Residents living around the $3.8-billion resort project by China’s Union Development Group (UDG) say they are worried for their safety after even their Cambodian People’s Party commune chief has now been summoned for questioning over a dirt road they were building.
The UDG development in Koh Kong province’s Kiri Sakor district, which has recently been subject of rumors that it may be a secret Chinese military base, has been plagued by years of unending land disputes due to its displacement of locals. Most egregiously, UDG has even been accused of hiring soldiers to harass residents.
A summons dated May 7 and issued by Khat Khemra, the Koh Kong provincial military police’s criminal affairs office, calls Prek Khsach commune chief Ream Rom to appear before authorities for questioning over a “personal” case on Friday.

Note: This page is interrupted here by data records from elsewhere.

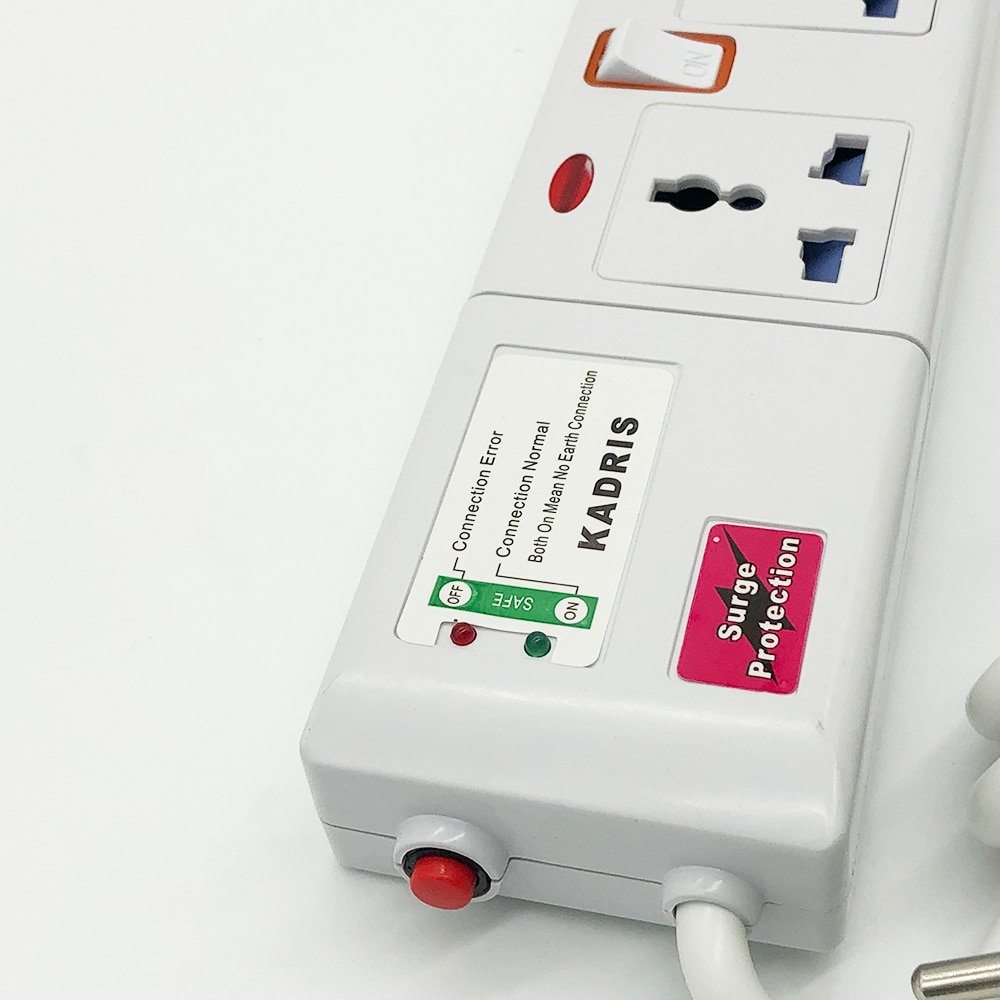 Power Strip Surge Protector 5 Way AC Universal Outlets Electric Plug Extension Socket Individual Switch 2500W 10A 3m/9.8ft Cord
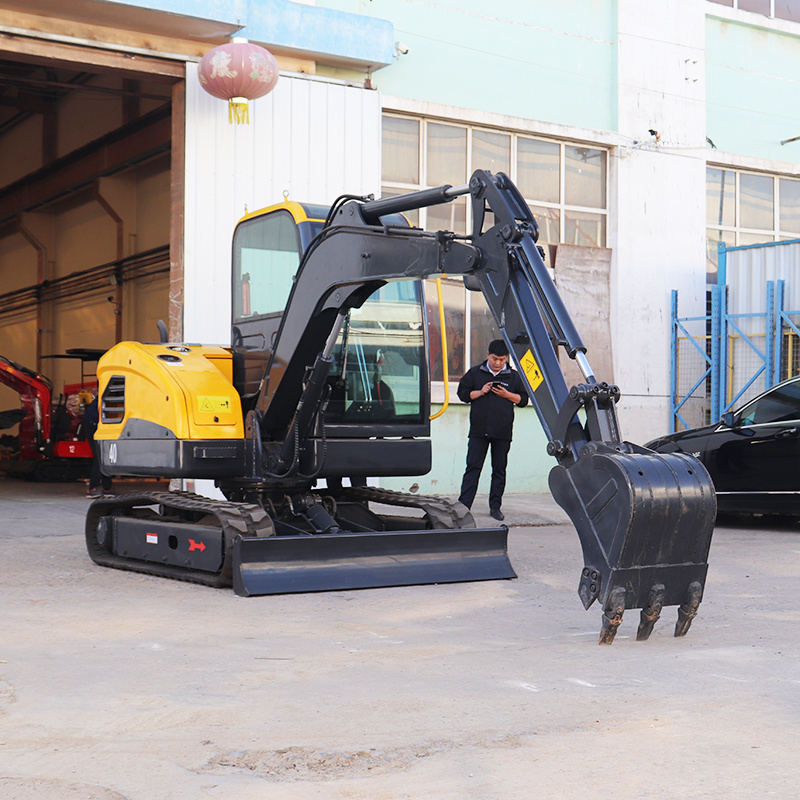 FREE SHIPPING EPA Engine Mini Excavators 4 Ton Multifunctional Minibagger Farm Used New Crawler Digger Mini Excavators machine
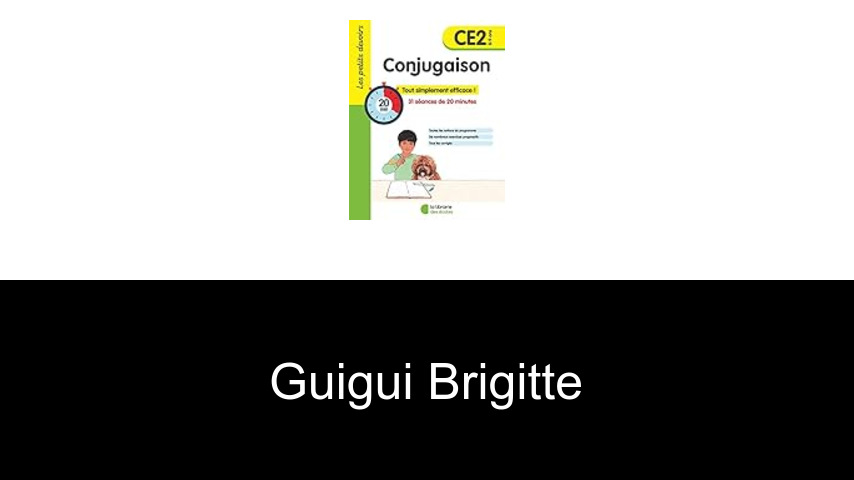 livres de Guigui Brigitte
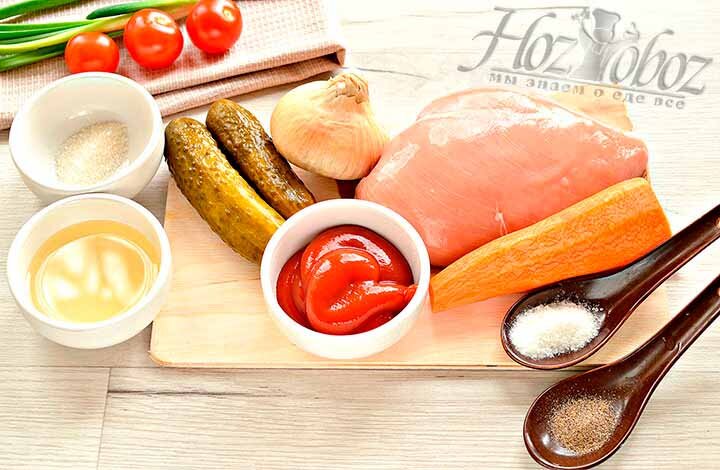 Подготавливаем ингредиенты.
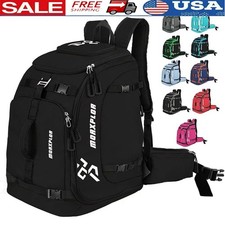 60L Ski Boot Backpack Waterproof Durable W/ Drain Holes  Waistband Pockets New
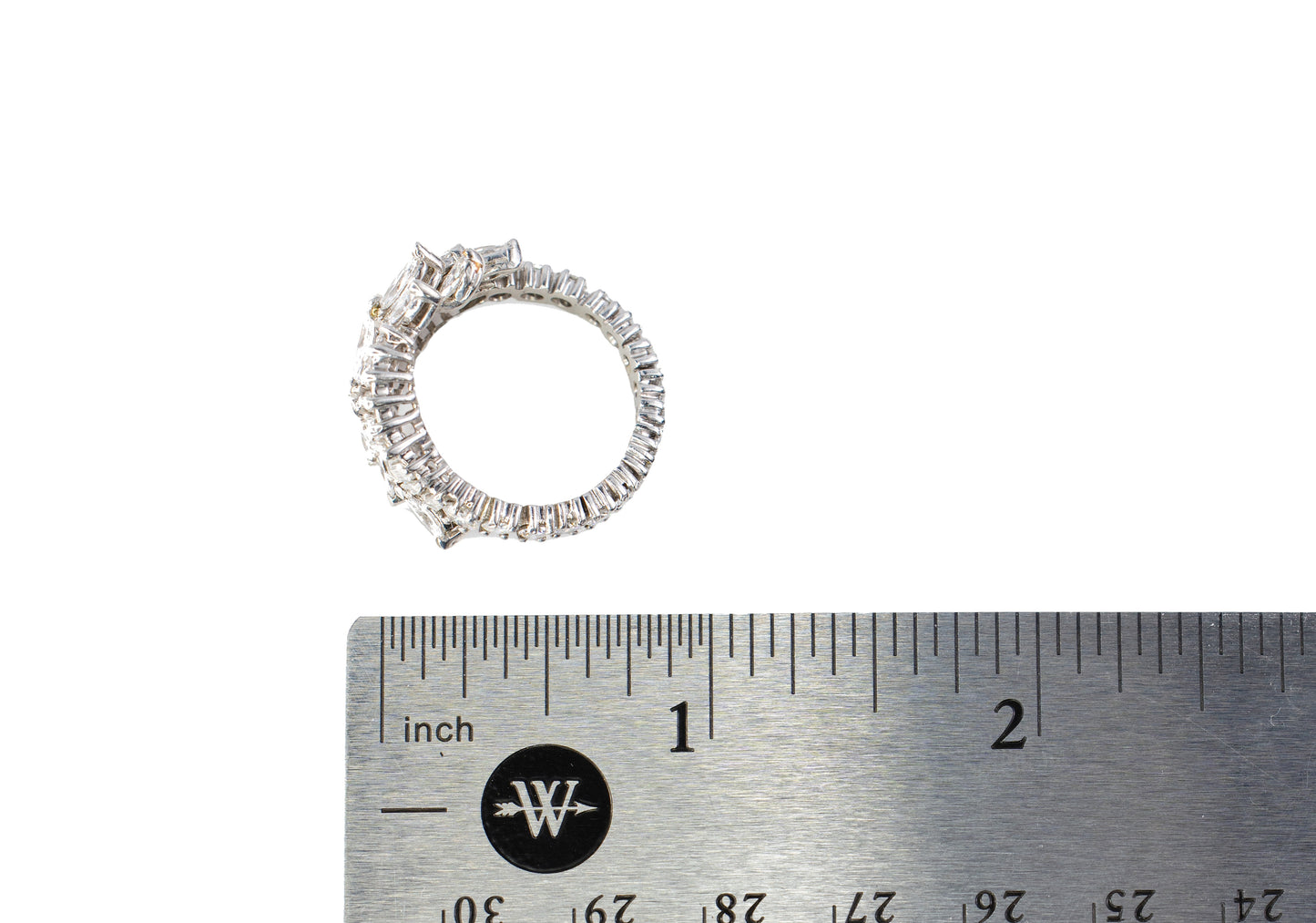 Marquise and Baguette Diamond Eternity Band Ring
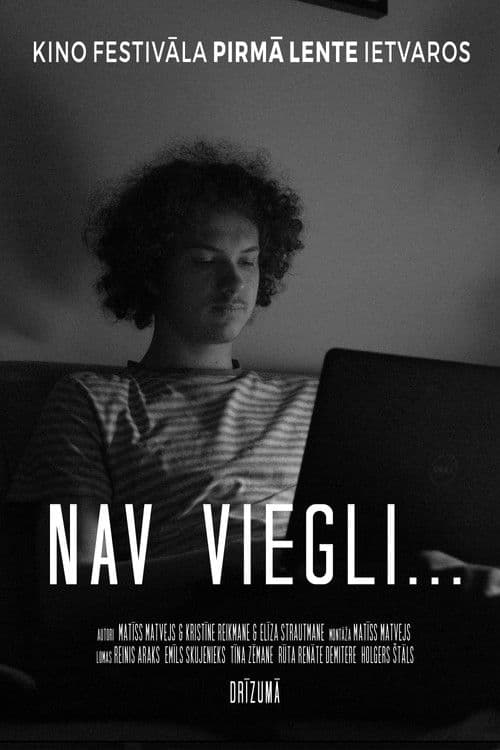 Nav viegli...のポスター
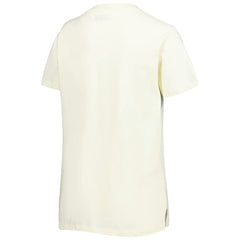 Las Vegas Raiders New Era Women's Chrome Sideline T-Shirt Cream | NFL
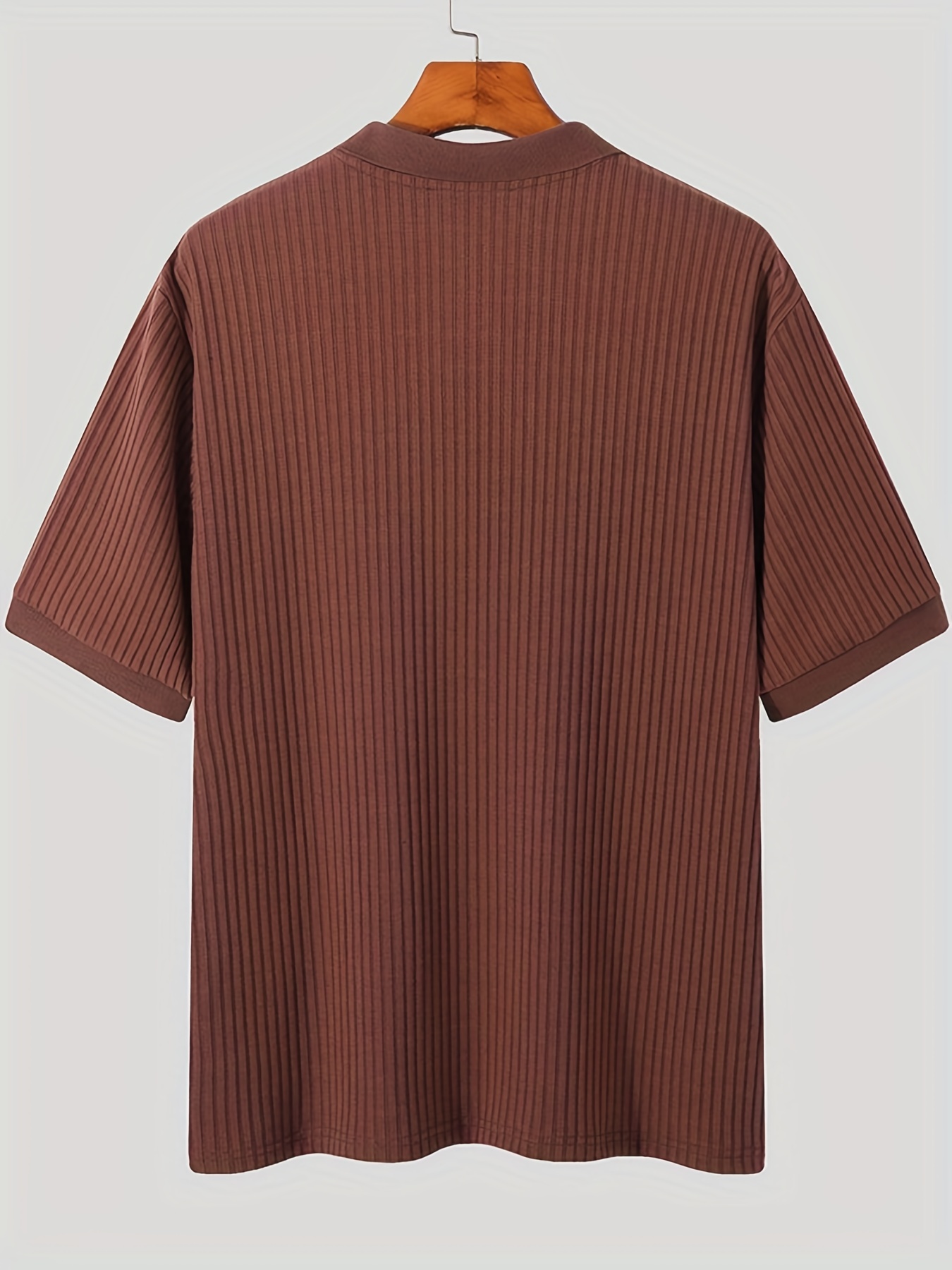 Men's Casual Solid Button Up Short Sleeve Lightweight Shirt, Men's top For Summer, Tops For Men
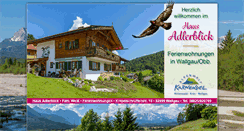 Desktop Screenshot of haus-adlerblick.de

Rom told VOD that he would attend the questioning but denied he had any personal disputes. He said he believed the case was likely related to threats he said were made by UDG on April 8 to file a complaint against him over a 200-meter dirt road that was being built by his constituents through land now claimed by UDG.
Yet he denied leading his constituents in the effort and said they acted alone.
“If I am charged with joining hands with the people, I have documents to prove that it was the people who requested to build the road,” Rom said, claiming that he tried to follow the appropriate processes but was undermined by his constituents.
“I submitted these these documents to the environment department, and the environment department claimed it had not received approval yet. So I returned to the people and told them not to build the road until I ask for approval,” he said.
“The people did not listen and they did it. When they did it, they did not tell me. I was busy with my brother’s wedding.”
However, one of Rom’s constituents, Tith Ten, said the commune chief did in fact help the residents in their disputes with UDG and that many residents would gather on Friday to support him while he is questioned in a show of solidarity.
“We will support him because he is very fair,” Ten said. “The commune chief in this mandate is good with the people. Whatever we do, he always follows up and helps us with everything such as when the company’s security guards came down to the local community and did things improperly. He comes to help us.”
According to the summons letter, the military police received a complaint about a case on April 10 that said security guards for UDG had two days prior prevented about 50 people from the community from trying to build the dirt road. The residents were trying to dig out a 200-meter dirt stretch to link their community to the main road to make it easier to travel to local population centers and markets.
Khemra, the chief of the provincial military police criminal office who summoned Rom, denied the commune chief would be questioned on the subject of the road and said he was being called as a witness in a different case related to UDG.
“It’s related to that land case — [but] related to a case of threats and is because he knew about the case. He was not involved. But he knows about it,” Khemra said, before declining to elaborate on the alleged threats. He referred further questions to provincial prosecutor Ros Saram, who could not be reached for comment.
Hour In, a monitor for local rights group Licadho in the province, said if provincial military police officials were in fact now calling commune chiefs for questioning over the UDG dispute it was a new level of intimidation in the ongoing saga.
“The commune authorities supported their people in building the road but then this is turned into being called for questioning. I think it is intimidation — and it is not encouraging for commune officials who have a will to serve the people,” In said.
UDG received a 36,000-hectare concession in the districts of Botum Sakor and Kiri Sakor from the government 11 years ago to develop an international standard business center and tourist resort over five stages of five years each. It received a further 9,100 hectares in 2011.
The land concession impinged on 12 villages inhabited by more than 1,000 families, according to a 2012 U.N. report. But UDG and government officials have slowly whittled away holdouts over the years — in many cases offering them barren stretches of nearby land in exchange for their promises to drop their claims against the company in the coastal area.
(Translated and edited from the original article on VOD Khmer)
Correction (May 28, 2019): A previous version of this story stated that only 200 families were affected by the UDG development.